Jörg Schilling's stated aim (see sg.h in his new version) is that all
applications based on the sg device use his transport layer (called libscg). 
The "abstraction" that this transport layer offers is to make all other SCSI
generic interfaces including CAM and NT's ASPI, look like a SCSI generic 
packet driver called scg that Jörg Schilling wrote in 1986 for SUN hardware. 
The danger here is that questionable design decisions in libscg become
reflected in the sg device driver and hence are forced on other sg-based
applications (eg SANE and cdparanoia) that are disinclined to use libscg.


Conclusion
----------

Even though HEADER A was first released publicly in the middle of 1998 it
was built on top of an implementation that did not supply the requested
enhancements.
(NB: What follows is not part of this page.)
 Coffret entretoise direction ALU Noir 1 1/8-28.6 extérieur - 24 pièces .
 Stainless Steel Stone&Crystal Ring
For whatever reasons it was not accepted at the time into
development kernel (2.1.x). The author played no part in this decision making
process but in private email (August 1998) did point out some design
weaknesses.

After months of inaction and the release of the 2.2 series of kernels,
the author's implementation based on HEADER B was "dusted off" and tested
by people who were having real problems (usually memory related) with the
original sg driver. Alan Cox noticed this and put the new driver in 
2.2.2-ac6. Within weeks Jörg Schilling re-entered the fray with a driver
using HEADER A based on the same implementation. The extensions offered by
both headers are not mutually compatible, still an attempt was made to
merge them which failed. Jörg Schilling put his technical objections up
quite forcibly and was listened to. Those technical objections have been
the subject of this paper. Those objections were either considered not
to have merit or not be sufficient to change the sg driver under test.